> **Directions for this task**: Among the lines below, the one containing "Chambres D'Hotes Du" opens the range and the one containing "Самостоятельно развивающийся мотоцикл: концепт" closes it. Print that range exactly, without the pictures.

> **Supplied records**:
○ ○ ○

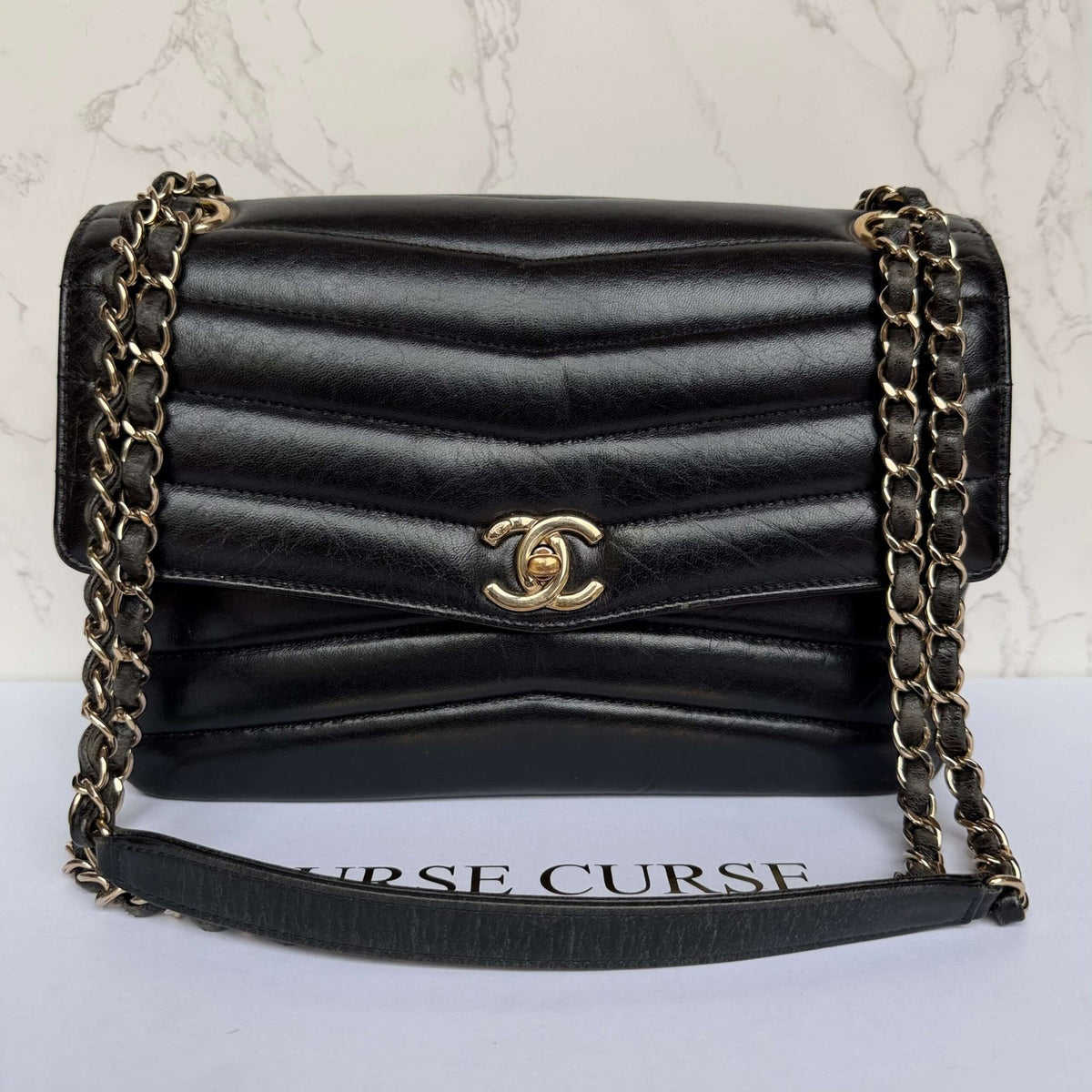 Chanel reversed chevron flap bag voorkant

○ ○ ○

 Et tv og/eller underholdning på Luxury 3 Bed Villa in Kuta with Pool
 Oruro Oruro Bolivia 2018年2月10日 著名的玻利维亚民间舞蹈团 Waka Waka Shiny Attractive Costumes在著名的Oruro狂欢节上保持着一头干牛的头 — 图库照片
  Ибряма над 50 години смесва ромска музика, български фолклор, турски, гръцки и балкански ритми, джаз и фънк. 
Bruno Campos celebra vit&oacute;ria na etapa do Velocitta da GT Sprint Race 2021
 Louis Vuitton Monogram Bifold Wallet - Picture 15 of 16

○ ○ ○

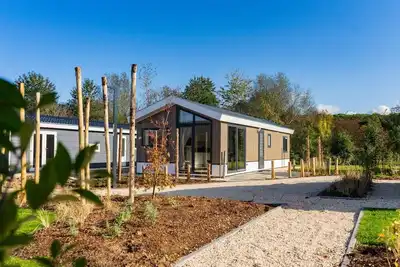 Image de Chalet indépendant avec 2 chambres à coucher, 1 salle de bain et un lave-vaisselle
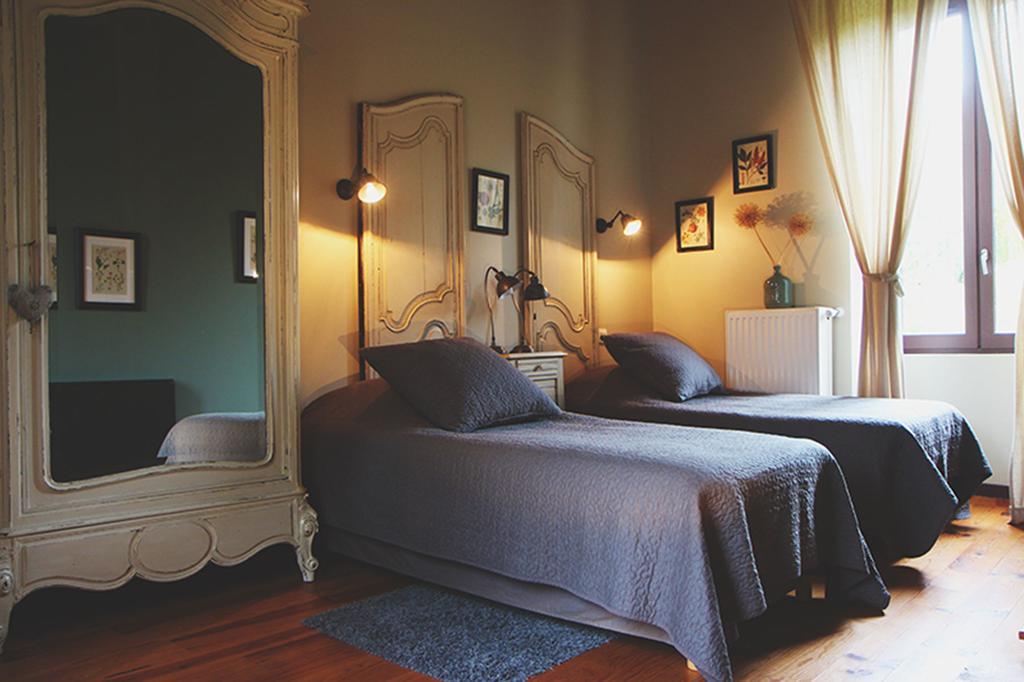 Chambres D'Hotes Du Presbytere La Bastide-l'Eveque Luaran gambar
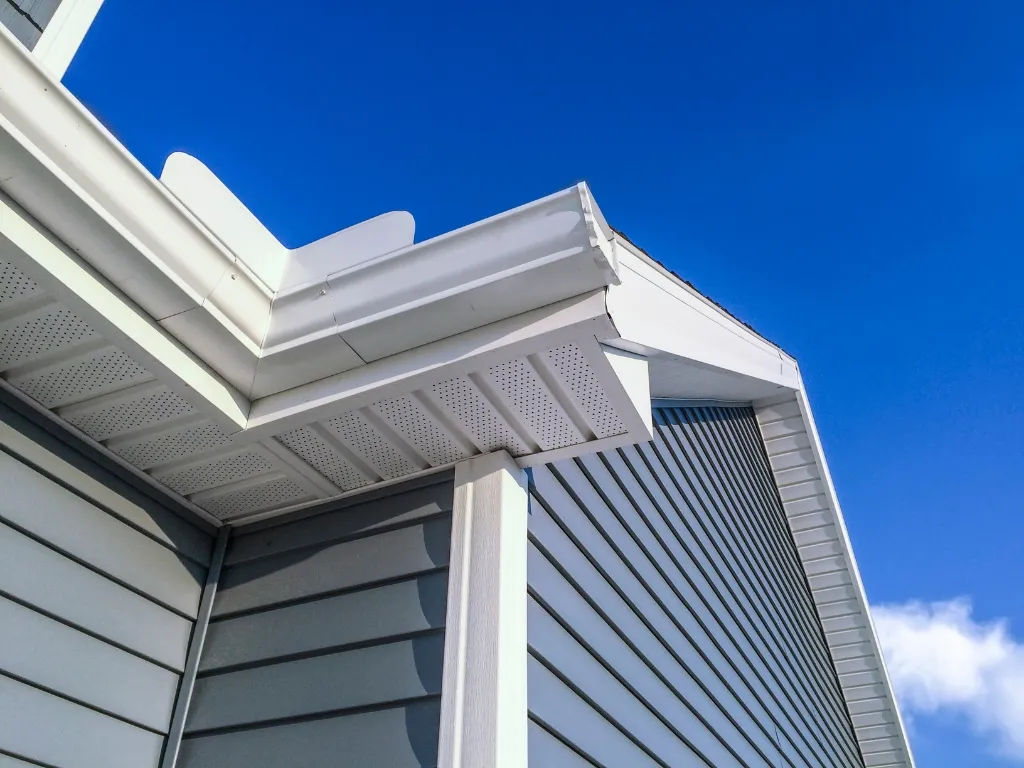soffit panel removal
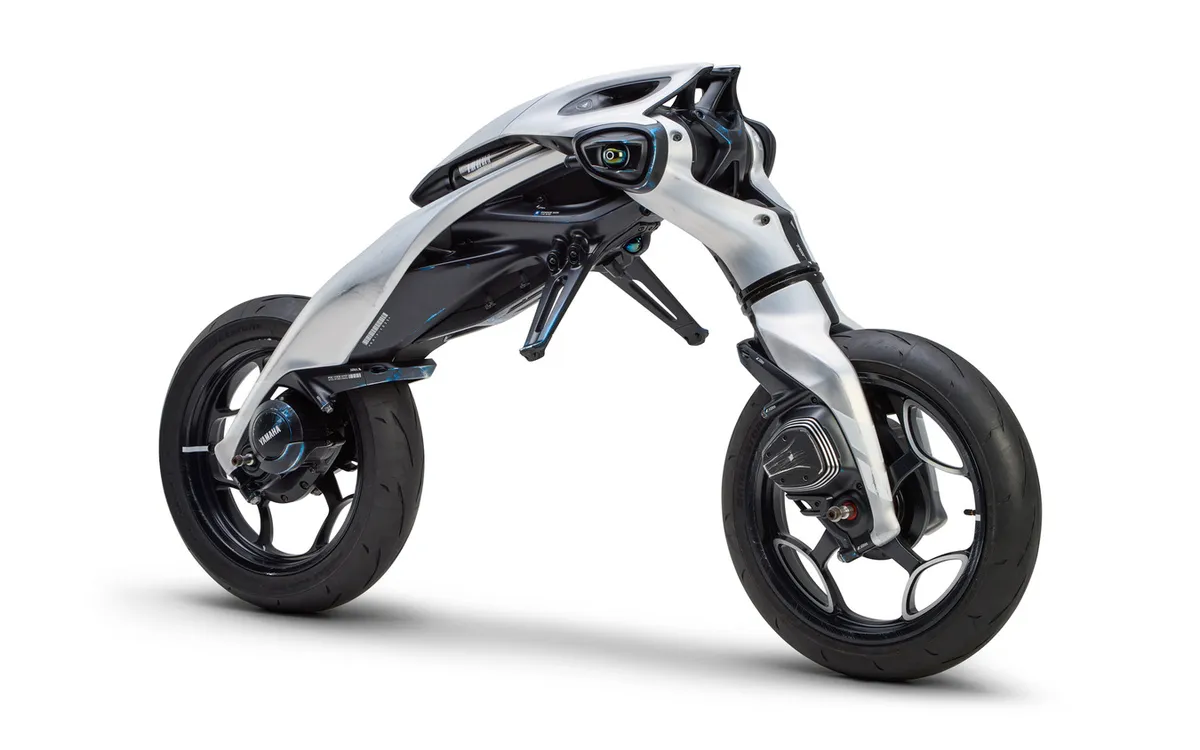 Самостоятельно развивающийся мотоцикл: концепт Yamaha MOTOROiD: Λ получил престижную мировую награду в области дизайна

○ ○ ○

> **Answer below**:
 Chambres D'Hotes Du Presbytere La Bastide-l'Eveque Luaran gambar
soffit panel removal
 Самостоятельно развивающийся мотоцикл: концепт Yamaha MOTOROiD: Λ получил престижную мировую награду в области дизайна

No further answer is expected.